Hacker News new | past | comments | ask | show | jobs | submit login

"Exactly once" model of message is theoretically impossible to do in distributed environment with nonzero possibility of failure. If you haven't received acknowledgement from the other side of communication in the specified amount of time you can only do one of two things:

1) do nothing, risking message loss

2) retransmit, risking duplication

But of course that's only from messaging system point of view. Deduplication at receiver end can help reduce problem, but itself can fail (there is no foolproof way of implementing that pseudocode's "has_seen(message.id)" method)

I agree. I wish more messaging platforms would recognize this and stop trying to paper-over the failure mode (Kafka just came out with "Exactly Once," which I think is a variant of the 2-Phase-Commit protocol, which still does not solve the problem).

My go-to for explaining to people is the Two Generals Problem https://en.wikipedia.org/wiki/Two_Generals%27_Problem

After watching the video from the Kafka Summit talk https://www.confluent.io/kafka-summit-nyc17/introducing-exac...
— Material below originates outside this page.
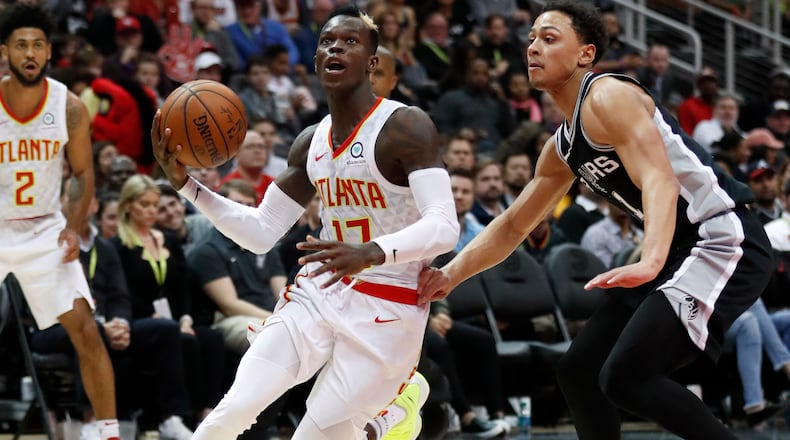 Atlanta Hawks guard Dennis Schroder (17) drives past San Antonio Spurs forward Kyle Anderson (1) as he goes to the basket in the second half of an NBA basketball game Monday, Jan. 15, 2018, in Atlanta. The Hawks won 102-99. (AP Photo/John Bazemore)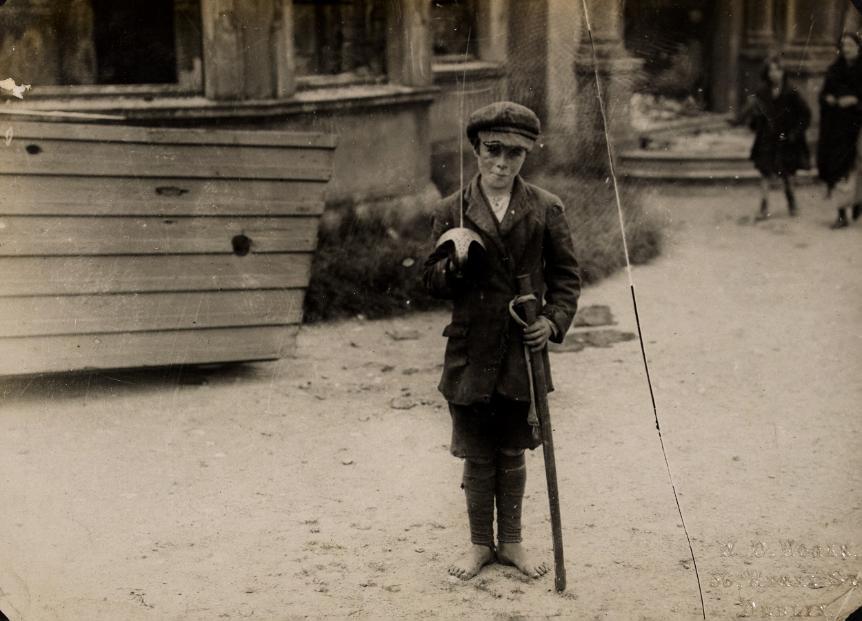 A barefoot boy holds a sword salvaged from Cork City barracks, 1922 NLI HOGW 24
it's an essentially-useless guarantee for any sort of Kafka consumer that interacts with an external system.

Exactly-Once is not something that can be provided-for or delegated-to an arbitrary, non-integrated system. For an "integrated" system, it requires idempotent behavior, in which case it's really At-Least-Once, so...

I think "exactly once" doesn't imply "non-reprocessing" (sorry for the double negative).

Meaning, you want "exactly once" and you don't want duplicates, yes. But you allow for reprocessing, provided that you have a way for deduplicating.

You want a guarantee that if the producer (at the top of your data processing pipeline) sends a message, then this message eventually corresponds to exactly 1 record in your final storage(s).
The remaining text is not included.